This dimension covers the degree to which the statistical product meets user needs in both coverage and content.
This report is a National Statistic and is produced according to the Code of Practice for Official Statistics.
Most of the information in this report has been previously published. The sources of the information are trusted sources; the majority being either National or Official Statistics. Most sources referenced in this report include a Methodology section for further information.
Hospital admissions data
The data presented in this report are for inpatients only and therefore does not reflect all hospital activity.
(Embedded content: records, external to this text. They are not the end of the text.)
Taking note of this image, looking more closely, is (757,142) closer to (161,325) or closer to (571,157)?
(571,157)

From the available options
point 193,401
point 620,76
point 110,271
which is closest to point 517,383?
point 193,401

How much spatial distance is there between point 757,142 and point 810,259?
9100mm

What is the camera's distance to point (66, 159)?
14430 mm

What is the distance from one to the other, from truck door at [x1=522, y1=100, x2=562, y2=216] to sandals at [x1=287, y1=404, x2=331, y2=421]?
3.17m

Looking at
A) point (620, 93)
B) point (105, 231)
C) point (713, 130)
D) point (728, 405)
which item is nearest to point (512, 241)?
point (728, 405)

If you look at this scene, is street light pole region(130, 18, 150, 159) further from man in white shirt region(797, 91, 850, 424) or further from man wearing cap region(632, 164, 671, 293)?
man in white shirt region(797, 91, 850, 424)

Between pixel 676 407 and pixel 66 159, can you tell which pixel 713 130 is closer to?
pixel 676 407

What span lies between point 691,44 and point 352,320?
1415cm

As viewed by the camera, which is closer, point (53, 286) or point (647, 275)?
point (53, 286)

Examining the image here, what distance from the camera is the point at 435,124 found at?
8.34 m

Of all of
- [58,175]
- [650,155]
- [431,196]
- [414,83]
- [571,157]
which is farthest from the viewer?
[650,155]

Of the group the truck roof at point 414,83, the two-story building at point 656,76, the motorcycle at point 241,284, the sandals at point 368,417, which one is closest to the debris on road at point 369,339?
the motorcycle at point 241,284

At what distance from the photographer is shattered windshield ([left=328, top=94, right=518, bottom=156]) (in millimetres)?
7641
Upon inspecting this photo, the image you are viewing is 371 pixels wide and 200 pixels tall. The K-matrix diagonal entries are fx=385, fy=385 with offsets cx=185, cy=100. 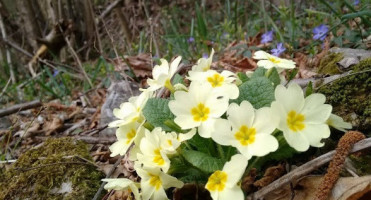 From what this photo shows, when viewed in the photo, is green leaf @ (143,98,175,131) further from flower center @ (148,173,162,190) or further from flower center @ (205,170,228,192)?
flower center @ (205,170,228,192)

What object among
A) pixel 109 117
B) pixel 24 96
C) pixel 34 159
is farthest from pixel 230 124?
pixel 24 96

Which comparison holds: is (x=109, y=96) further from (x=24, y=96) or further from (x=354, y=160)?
(x=24, y=96)

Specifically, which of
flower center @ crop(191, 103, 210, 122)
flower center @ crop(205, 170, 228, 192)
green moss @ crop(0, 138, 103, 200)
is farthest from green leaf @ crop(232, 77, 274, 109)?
green moss @ crop(0, 138, 103, 200)

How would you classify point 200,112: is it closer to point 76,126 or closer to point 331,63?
point 331,63

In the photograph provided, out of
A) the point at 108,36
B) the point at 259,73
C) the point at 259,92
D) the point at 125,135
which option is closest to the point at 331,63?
the point at 259,73

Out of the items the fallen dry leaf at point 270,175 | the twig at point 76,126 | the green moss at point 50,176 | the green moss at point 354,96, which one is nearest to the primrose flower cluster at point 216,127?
the fallen dry leaf at point 270,175

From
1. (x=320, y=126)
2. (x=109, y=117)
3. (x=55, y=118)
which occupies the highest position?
(x=320, y=126)

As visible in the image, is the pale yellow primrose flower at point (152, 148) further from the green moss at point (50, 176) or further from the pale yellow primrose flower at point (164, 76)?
the green moss at point (50, 176) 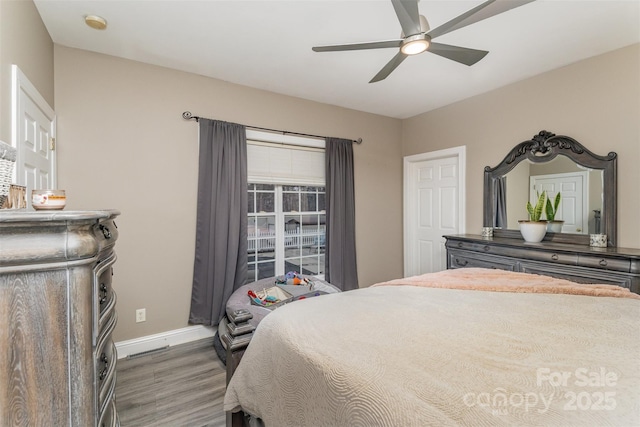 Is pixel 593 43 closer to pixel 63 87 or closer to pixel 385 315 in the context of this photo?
pixel 385 315

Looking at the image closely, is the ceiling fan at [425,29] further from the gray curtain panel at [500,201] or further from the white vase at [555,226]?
the white vase at [555,226]

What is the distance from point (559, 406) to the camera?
70 cm

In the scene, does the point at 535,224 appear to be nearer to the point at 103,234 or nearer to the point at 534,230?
the point at 534,230

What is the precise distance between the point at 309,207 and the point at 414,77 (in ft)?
6.28

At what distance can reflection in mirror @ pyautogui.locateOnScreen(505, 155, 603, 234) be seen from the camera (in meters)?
2.84

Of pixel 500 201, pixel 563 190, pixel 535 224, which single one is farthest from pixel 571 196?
pixel 500 201

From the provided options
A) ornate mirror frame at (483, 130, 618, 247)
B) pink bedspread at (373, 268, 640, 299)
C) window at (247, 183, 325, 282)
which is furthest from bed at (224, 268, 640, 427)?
window at (247, 183, 325, 282)

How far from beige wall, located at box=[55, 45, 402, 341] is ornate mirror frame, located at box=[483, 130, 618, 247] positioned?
9.18 feet

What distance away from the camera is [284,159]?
361 cm

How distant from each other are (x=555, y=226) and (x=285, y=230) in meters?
2.91

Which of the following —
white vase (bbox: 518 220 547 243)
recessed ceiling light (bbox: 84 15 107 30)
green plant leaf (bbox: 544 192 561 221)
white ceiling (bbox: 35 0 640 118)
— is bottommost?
white vase (bbox: 518 220 547 243)

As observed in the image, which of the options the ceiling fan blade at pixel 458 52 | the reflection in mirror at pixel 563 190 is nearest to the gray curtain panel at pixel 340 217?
the reflection in mirror at pixel 563 190

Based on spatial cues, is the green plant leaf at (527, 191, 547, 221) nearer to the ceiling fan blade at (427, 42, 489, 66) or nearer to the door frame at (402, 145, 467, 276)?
the door frame at (402, 145, 467, 276)

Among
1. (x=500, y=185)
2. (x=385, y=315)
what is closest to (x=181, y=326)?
(x=385, y=315)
This should be considered when interpreting the data as recording and clinical practice may vary over time and between regions.
Some caution is necessary when looking at these data as, drug misuse may only be suspected and may not always be recorded by the hospital and, where drug misuse is recorded, it may not be possible to identify which drug(s) may be involved.
Further general information on HES data quality, including specific known issues can be found here:
The processing cycle and HES data quality - NHS Digital
COVID-19 and the production of statistics: Due to the coronavirus illness (COVID-19) disruption, it would seem that there is some effect on the quality and coverage of some of our statistics in relation to the 2020/21 period. It is known that many hospitals are reporting zero or significantly less activity across one or more datasets for March 2020 onwards. The HES data in this publication relates to 2019/20, therefore, the end of the reporting period for this publication includes some of the pandemic period but this is estimated to have a negligible impact on the data.
Survey data
Some of the information signposted in the report is taken from survey data. Sometimes the mode of data collection used in a survey can have an impact on how respondents answer the questionnaire. For example, surveys conducted via a face-to-face interview such as the Crime Survey for England and Wales (CSEW) provide an opportunity for an interviewer to use a computer to record the respondent’s answers which will improve the quality of the data by ensuring all the questions are completed and not allowing any invalid or inconsistent answers. By comparison data collected via a self-completion survey such as Smoking, Drinking and Drug Use Amongst Young People (SDD) will have none of these inbuilt validations.
Face-to-face interviews also provide an opportunity to guide the respondent through any interpretation issues, which is more difficult in self-completion surveys.
Both modes however may suffer from respondents being tempted to give answers which are considered to be more socially acceptable. This could occur either through the surveys being completed in the home when other family members are present, or through the interviewer being present at a face-to-face interview. This effect is reduced in surveys such as Smoking, Drinking and Drugs (SDD) which is conducted in schools in exam conditions.